PROBLEM TO WORK ON: Please retype the data in full and exactly; the pictures are not part of the copy.

*** Opening DATA EXTRACTS ***

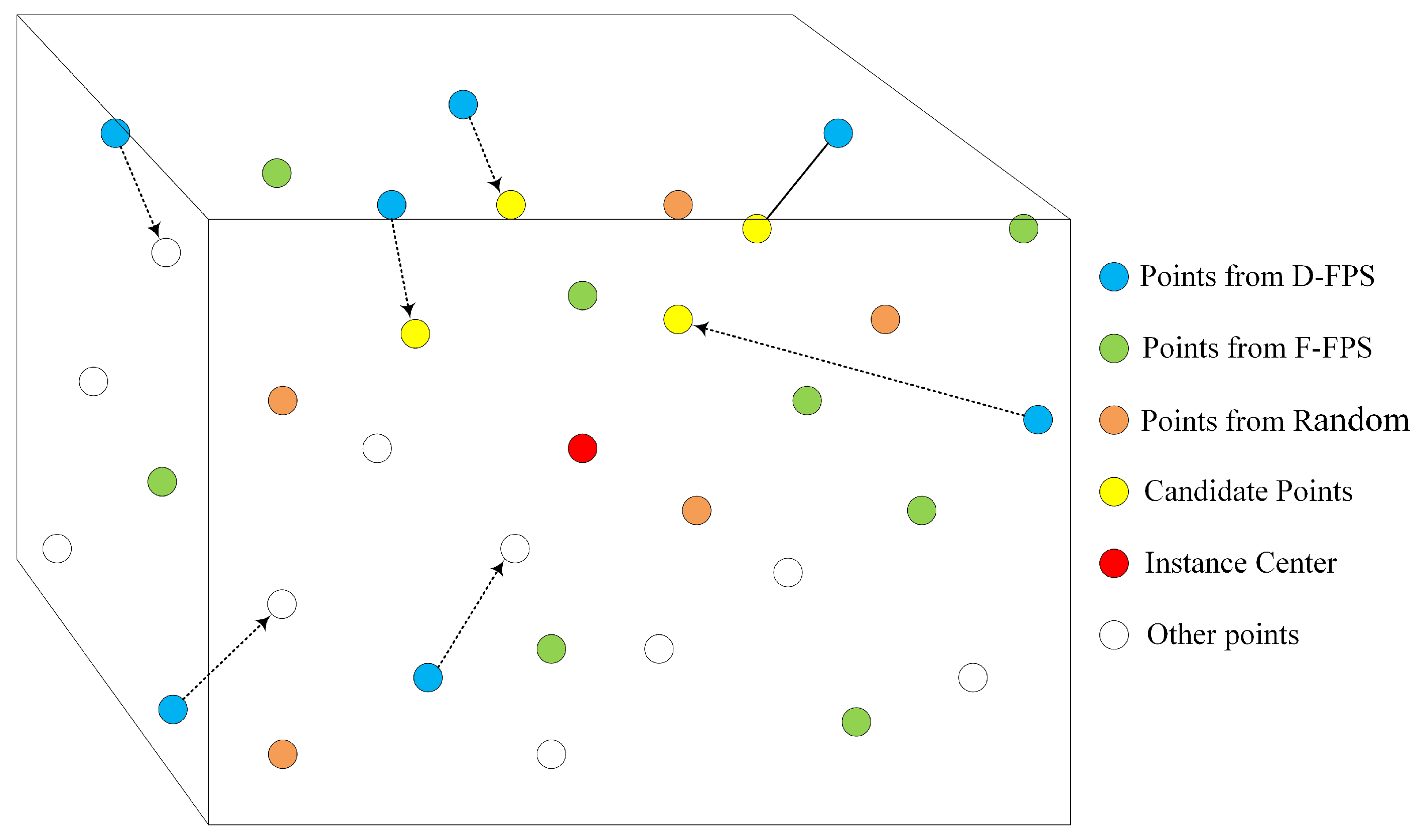 Electronics 11 04010 g003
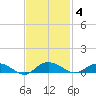 Back River Reservoir tide chart for Tuesday, November 4, 2025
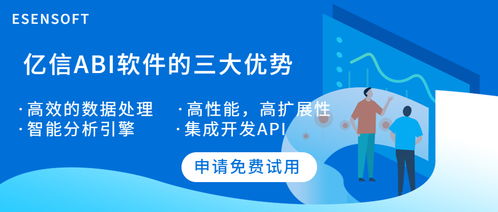 亿信华辰ABI产品介绍、免费试用及价格指南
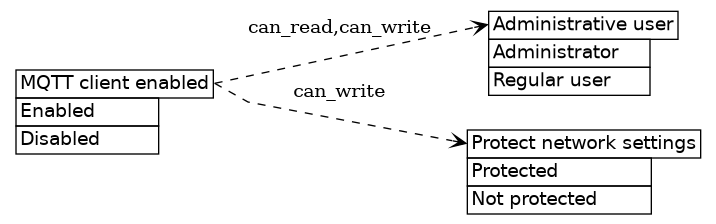 dot_inline_dotgraph_626.png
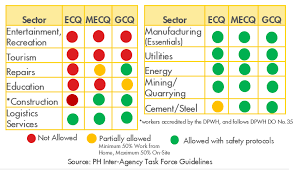 Jun 14, 2021 · presidential spokesperson harry roque said the only difference in the gcq with some restrictions classification in metro manila and bulacan is that gyms and indoor dining are allowed to operate. Https Pilipinas Shell Com Ph Investors Investor Briefing Materials Jcr Content Par Textimage Stream 1590046957915 Bdc4863dea06175461939e768a91be54b557988e 2020 Guidance Note 21may2020 Final2 Pdf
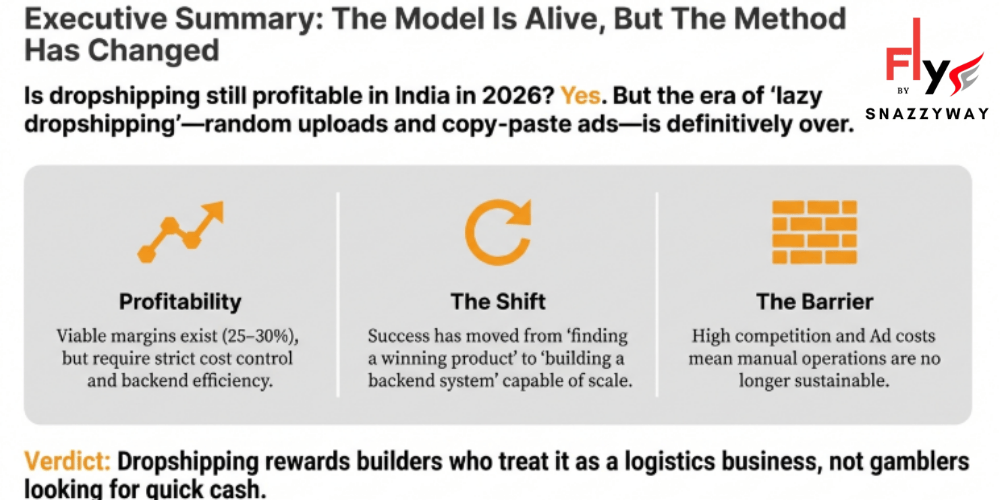 Dropshipping profitability in India 2026 showing margins, backend system shift, and high competition barriers
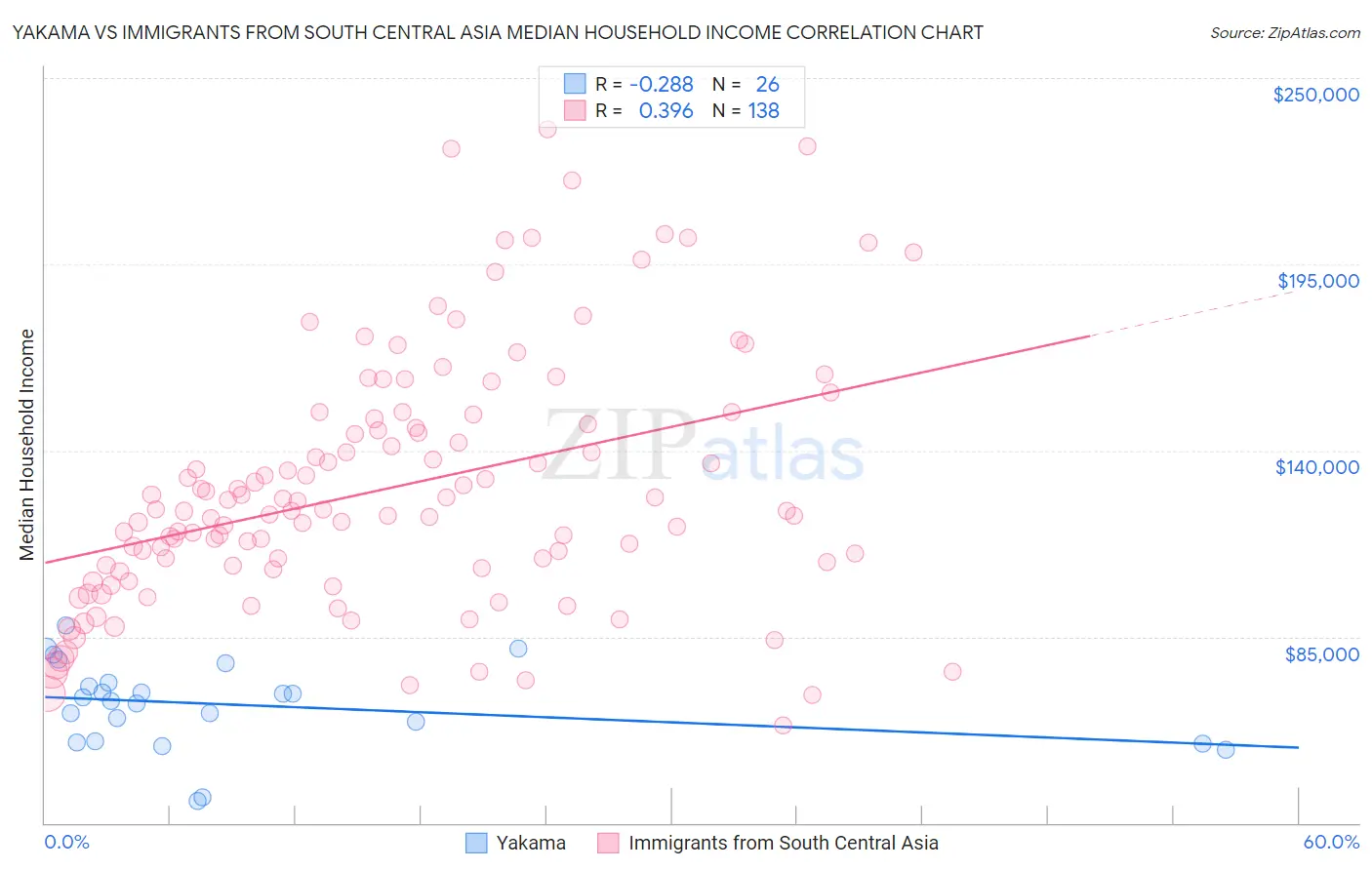 Yakama vs Immigrants from South Central Asia Median Household Income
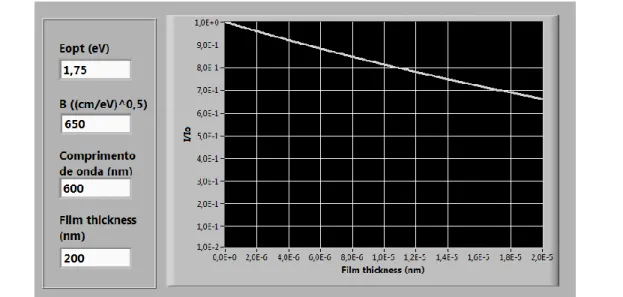 Figura 2.9: imagem do programa que permite realizar a absorção no filme em função do comprimento de  onda da luz incidente 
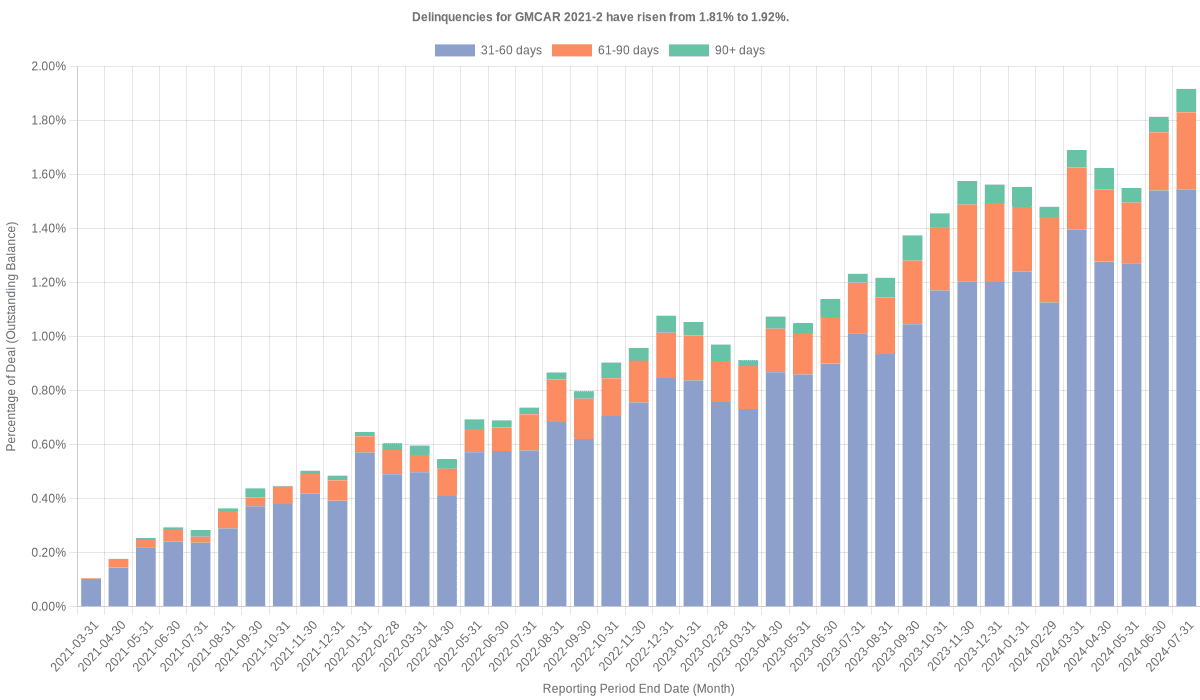 Delinquencies for GMFC 2021-2 have risen from 1.81% to 1.92%.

*** Closing DATA EXTRACTS ***

THE COMPLETED TASK:
 Electronics 11 04010 g003
 Back River Reservoir tide chart for Tuesday, November 4, 2025
 亿信华辰ABI产品介绍、免费试用及价格指南
 dot_inline_dotgraph_626.png
 Jun 14, 2021 · presidential spokesperson harry roque said the only difference in the gcq with some restrictions classification in metro manila and bulacan is that gyms and indoor dining are allowed to operate. Https Pilipinas Shell Com Ph Investors Investor Briefing Materials Jcr Content Par Textimage Stream 1590046957915 Bdc4863dea06175461939e768a91be54b557988e 2020 Guidance Note 21may2020 Final2 Pdf
 Dropshipping profitability in India 2026 showing margins, backend system shift, and high competition barriers
 Yakama vs Immigrants from South Central Asia Median Household Income
 Figura 2.9: imagem do programa que permite realizar a absorção no filme em função do comprimento de  onda da luz incidente 
 Delinquencies for GMFC 2021-2 have risen from 1.81% to 1.92%.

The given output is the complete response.